**PROBLEM REQUIREMENTS:** After counting the lines below that contain "Apartamento", reply with that number alone.

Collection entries
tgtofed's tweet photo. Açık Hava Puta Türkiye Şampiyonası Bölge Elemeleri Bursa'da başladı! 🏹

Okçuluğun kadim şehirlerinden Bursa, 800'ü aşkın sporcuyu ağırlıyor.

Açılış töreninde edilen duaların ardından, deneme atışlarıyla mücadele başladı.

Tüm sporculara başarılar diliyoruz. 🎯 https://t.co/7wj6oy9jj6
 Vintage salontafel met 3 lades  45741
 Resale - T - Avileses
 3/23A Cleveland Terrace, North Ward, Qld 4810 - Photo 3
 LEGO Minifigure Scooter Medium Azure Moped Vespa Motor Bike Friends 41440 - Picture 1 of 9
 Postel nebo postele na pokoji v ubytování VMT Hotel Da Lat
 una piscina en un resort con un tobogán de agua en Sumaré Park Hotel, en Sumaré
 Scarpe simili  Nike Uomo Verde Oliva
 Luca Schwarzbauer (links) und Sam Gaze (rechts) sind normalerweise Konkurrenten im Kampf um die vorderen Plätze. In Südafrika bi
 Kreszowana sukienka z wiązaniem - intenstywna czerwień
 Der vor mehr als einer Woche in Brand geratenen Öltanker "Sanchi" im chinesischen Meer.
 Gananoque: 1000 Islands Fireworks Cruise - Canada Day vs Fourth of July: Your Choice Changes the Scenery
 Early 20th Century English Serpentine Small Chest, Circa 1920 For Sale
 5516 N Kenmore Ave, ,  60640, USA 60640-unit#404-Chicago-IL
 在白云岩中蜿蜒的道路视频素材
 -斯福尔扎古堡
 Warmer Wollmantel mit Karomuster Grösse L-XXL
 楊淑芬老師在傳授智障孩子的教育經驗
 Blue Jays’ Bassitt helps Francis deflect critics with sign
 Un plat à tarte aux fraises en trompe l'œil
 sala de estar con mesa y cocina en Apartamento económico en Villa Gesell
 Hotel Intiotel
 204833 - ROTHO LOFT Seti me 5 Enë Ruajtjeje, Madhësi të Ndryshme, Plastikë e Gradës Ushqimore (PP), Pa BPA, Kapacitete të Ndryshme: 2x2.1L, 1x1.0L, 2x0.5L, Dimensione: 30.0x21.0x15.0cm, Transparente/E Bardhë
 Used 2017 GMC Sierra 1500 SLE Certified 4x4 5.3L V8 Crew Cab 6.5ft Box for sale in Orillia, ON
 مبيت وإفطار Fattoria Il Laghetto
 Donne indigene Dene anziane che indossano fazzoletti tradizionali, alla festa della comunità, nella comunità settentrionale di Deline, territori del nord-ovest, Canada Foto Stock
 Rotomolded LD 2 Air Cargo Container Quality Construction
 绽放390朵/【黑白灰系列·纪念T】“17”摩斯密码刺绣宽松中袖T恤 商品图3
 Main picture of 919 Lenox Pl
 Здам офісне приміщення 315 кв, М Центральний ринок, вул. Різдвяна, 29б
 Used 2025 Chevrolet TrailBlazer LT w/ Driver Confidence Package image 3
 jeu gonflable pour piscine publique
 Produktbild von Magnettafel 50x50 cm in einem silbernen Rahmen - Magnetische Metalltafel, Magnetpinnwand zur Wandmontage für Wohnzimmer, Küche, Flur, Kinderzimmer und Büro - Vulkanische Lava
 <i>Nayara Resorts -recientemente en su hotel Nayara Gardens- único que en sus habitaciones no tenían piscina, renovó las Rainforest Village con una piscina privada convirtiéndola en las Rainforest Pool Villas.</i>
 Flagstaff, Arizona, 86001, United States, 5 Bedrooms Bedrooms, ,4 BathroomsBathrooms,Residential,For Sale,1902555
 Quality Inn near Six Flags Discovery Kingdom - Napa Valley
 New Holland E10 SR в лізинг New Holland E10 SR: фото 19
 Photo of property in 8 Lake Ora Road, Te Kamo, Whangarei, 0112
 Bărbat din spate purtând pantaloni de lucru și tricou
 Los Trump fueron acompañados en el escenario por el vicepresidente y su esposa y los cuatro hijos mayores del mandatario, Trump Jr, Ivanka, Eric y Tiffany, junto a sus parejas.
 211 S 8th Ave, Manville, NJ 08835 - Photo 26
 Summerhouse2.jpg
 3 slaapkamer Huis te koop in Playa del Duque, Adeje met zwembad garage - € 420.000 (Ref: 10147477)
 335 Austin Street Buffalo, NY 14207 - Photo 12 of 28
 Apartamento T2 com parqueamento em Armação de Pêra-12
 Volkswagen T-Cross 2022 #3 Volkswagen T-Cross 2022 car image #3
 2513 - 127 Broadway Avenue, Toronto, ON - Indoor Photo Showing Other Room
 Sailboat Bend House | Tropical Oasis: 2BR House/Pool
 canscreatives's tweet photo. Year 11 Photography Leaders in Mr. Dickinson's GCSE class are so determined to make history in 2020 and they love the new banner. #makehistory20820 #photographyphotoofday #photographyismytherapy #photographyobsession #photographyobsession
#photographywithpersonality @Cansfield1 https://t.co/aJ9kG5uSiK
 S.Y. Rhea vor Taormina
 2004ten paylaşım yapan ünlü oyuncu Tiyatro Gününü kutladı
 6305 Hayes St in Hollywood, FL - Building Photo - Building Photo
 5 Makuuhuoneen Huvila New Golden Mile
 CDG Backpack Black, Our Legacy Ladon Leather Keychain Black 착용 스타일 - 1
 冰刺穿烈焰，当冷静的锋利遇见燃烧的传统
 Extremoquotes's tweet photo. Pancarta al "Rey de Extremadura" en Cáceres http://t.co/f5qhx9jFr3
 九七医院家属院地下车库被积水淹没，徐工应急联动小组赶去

**OUTPUT BELOW:** 2